Aidan Mayoss CR on the Venetian statue of the Madonna dell’Orto and the motherhood of Mary
When his mother Mary had been engaged to Joseph but before they lived together she was found to be with child’.
Joseph is a significant name for the husband of Mary. His name alone is shared with the hero of the technicolour dream coat, the saviour of his father Jacob and so of Israel; this Joseph too is an honourable man and his decision quietly to dump Mary is countermanded by an angelic visitation. It is an interesting speculation that the same angel Gabriel was charged with this message too! So Joseph accepted the truth and did his best to make his pregnant wife happy.
She, too was not without considerable trials; there were the parents… the neighbours… the village… but I very much doubt whether the attitude towards, shall we say, an ‘early’ pregnancy would be the same as that of middle-class churchgoers of 100 years ago. So the baby grows and then comes the summons to Bethlehem. Now that was a long and horrid journey if you are eight+ months pregnant and the only form of transport is a donkey. Every bump would tell and then, when the horrid journey is over, there is no room at the inn and for this birth, and is it not the most important birth in the history of mankind? There were no midwives but lots of angels.
Church renamed
Now to the picture. This statue has caused the great church of San Cristoforo in Venice to be given a new name, ‘Madonna dell’Orto’, the Madonna of the garden. The exquisite church is almost on the seashore and a place where Venetians still live and at the time of the church’s building early in the fourteenth century there was an unwanted statue in the sculptor’s garden next to the church and people would come there to pray and honour the statue.
The locals were very fond of this statue which was suffering from its exposure to the elements and, probably sometime in fifteenth century, it was brought into the church and over the years instead of being ‘San Cristoforo’ it became known as the ‘Madonna dell’Orto’. The lady of the garden was placed in a separate chapel opening off the nave. This is the picture you have, described in an art book as ‘an intrusive soft limestone statue’, not much of a work of art in a church containing many superb canvases but, as one would expect, Salley Vickers describes the statue as ‘The stone Madonna with the kind lap’.
Difficult path
Let us consider the Motherhood of Mary: from the moment of her ‘yes’ to the angel, it was a difficult path and it went on being difficult and it is a picture of those vicissitudes; it is a picture of a genuine Mother and, over the years, thousands of people have imagined themselves sitting in that lap if they are children, and lots of children still worship in that church, or just contemplating her as she holds out the baby. She is still and comforting and it is good for us, before we become engulfed in the miracle of the incarnation, to ponder Motherhood and above all the Motherhood of Mary.
Low points
The Madonna dell’Orto is undoubtedly a Mother; you don’t have a kind lap without children, and she holds out the Bambino to those who pray with her, or just sit, because by her silent receptivity she is good to sit with.
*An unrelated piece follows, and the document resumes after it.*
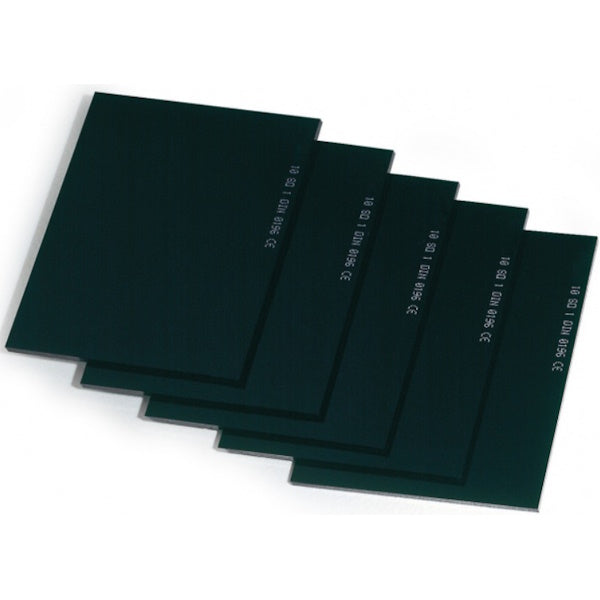 SACIT VETRO INATTINICO PER MASCHERE SALDATURA MM75X98 DIN 12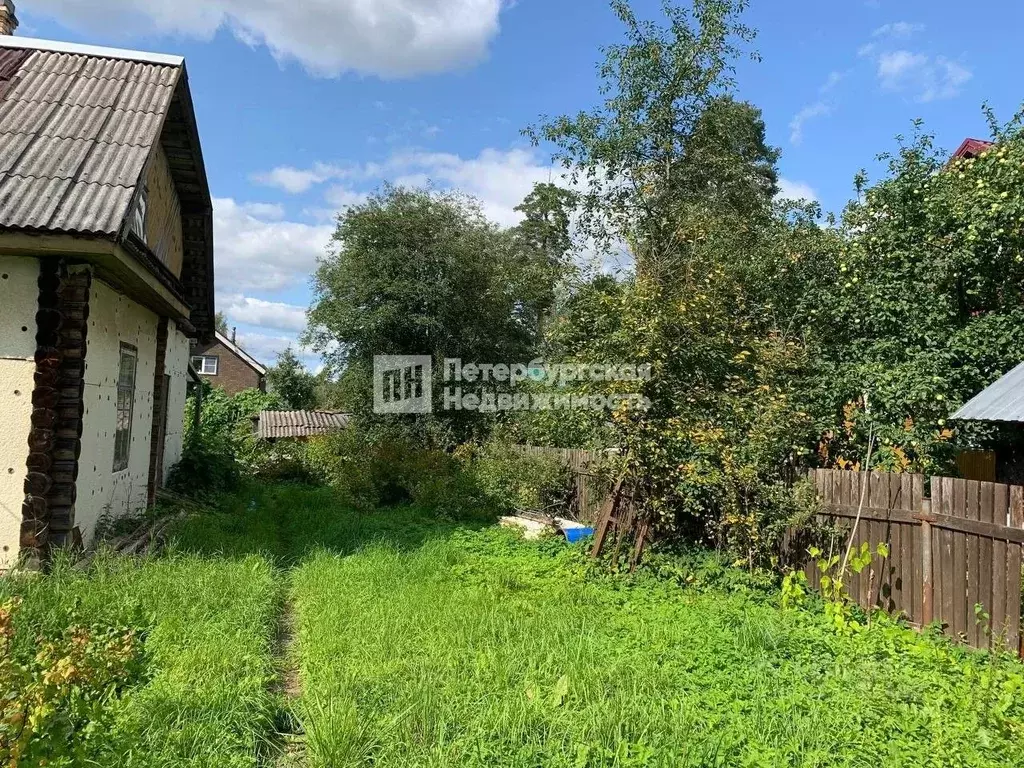 Дом в Ленинградская область, Гатчинский муниципальный округ, Сиверский ... - Фото 2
So let us just ponder this homely Madonna, recall the low points in her life – that trip into Egypt, the dark prophesy that a sword would pierce her heart, rather taking the joy off the Presentation of this Babe, the precursor of much her life when the young lad stayed behind in Jerusalem. Some very streetwise youngsters in Covent Garden, when told the story about Mary rushing back and straight into the temple, ignoring all the prohibitions for women there, were asked what happened next. In a chorus they replied: ‘She hit him.’ ‘Then what?’ I asked, and again in a chorus: ‘Cuddled him, of course’. I think the children of Covent Garden would warm to the Madonna dell’Orto as the children of that part of Venice still do.
Easter Day
We can all go through some or all of her traumatic moments but the last one I want to mention, made much of by St Ignatius but appearing nowhere in the Gospels, that on Easter Day, before meeting anybody else, Jesus appeared to his Mother, I have a picture of this, a very rare subject indeed and part of an altarpiece by Rogier van der Weyden c.1440. The scene is by an open window looking out on the churchyard, the stone is rolled away, the soldier asleep and the women approaching. Looking at the Madonna dell’Orto it seems the most normal thing which the risen Jesus would do; visit his Mother before anybody else.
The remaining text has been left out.